### WORK TO BE COMPLETED
Among the entries below, retype exactly the lines starting with the one with "ECCO WOMEN&#39;S CHUNKY ATHLETIC SHOE WHT" and going on through the one with "New 2026 Volkswagen Atlas SE image 40", but not the pictures.

** Opening DATA FOR THE TASK block **

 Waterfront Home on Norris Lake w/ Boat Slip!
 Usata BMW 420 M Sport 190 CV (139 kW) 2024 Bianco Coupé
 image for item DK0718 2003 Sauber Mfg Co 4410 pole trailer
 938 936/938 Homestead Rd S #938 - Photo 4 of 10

** Closing DATA FOR THE TASK block **
** Opening DATA FOR THE TASK block **

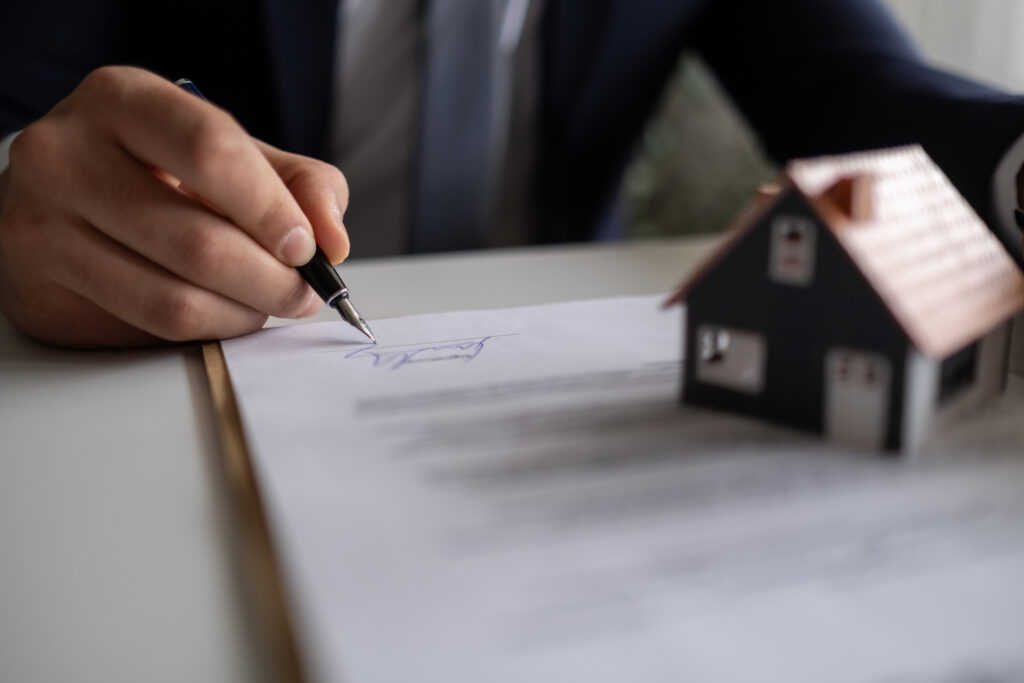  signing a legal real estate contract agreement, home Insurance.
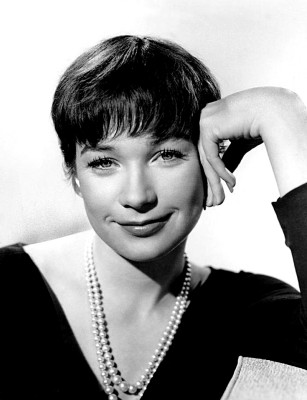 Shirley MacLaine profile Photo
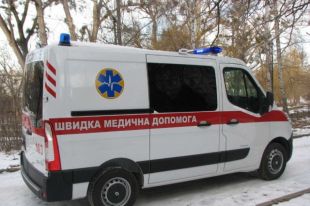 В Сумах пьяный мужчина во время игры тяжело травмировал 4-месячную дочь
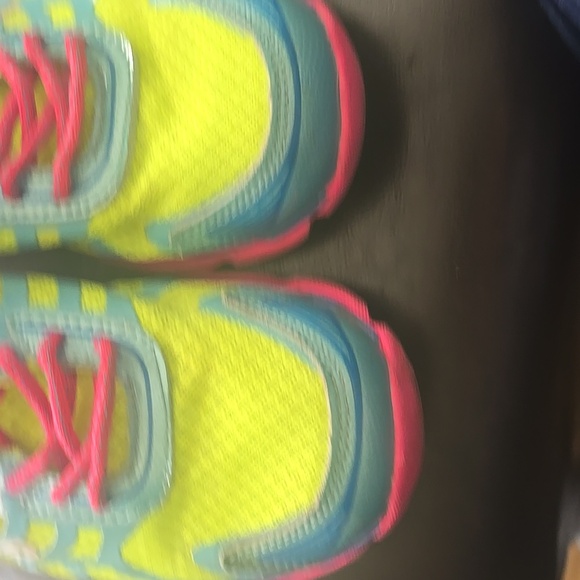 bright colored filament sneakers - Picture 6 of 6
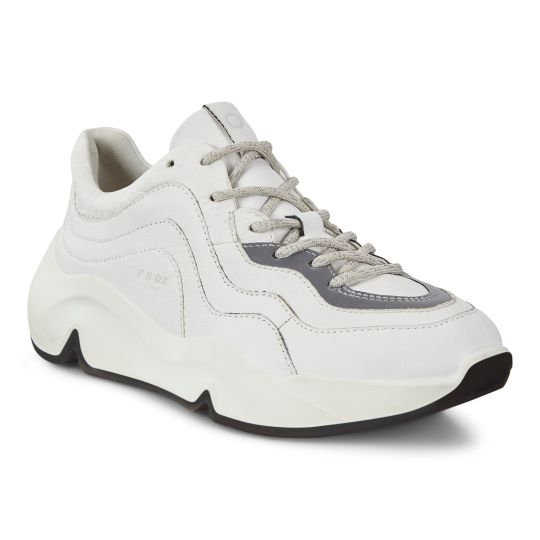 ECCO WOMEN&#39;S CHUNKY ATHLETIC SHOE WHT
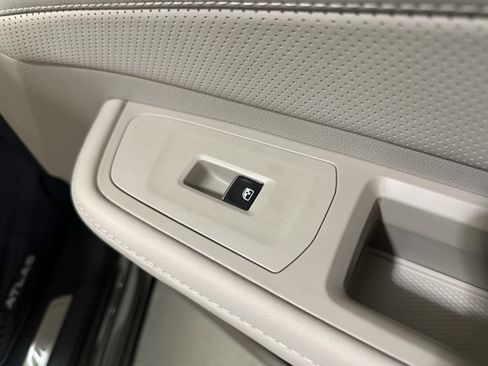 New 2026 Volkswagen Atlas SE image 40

** Closing DATA FOR THE TASK block **

### EXPECTED OUTPUT
 ECCO WOMEN&#39;S CHUNKY ATHLETIC SHOE WHT
 New 2026 Volkswagen Atlas SE image 40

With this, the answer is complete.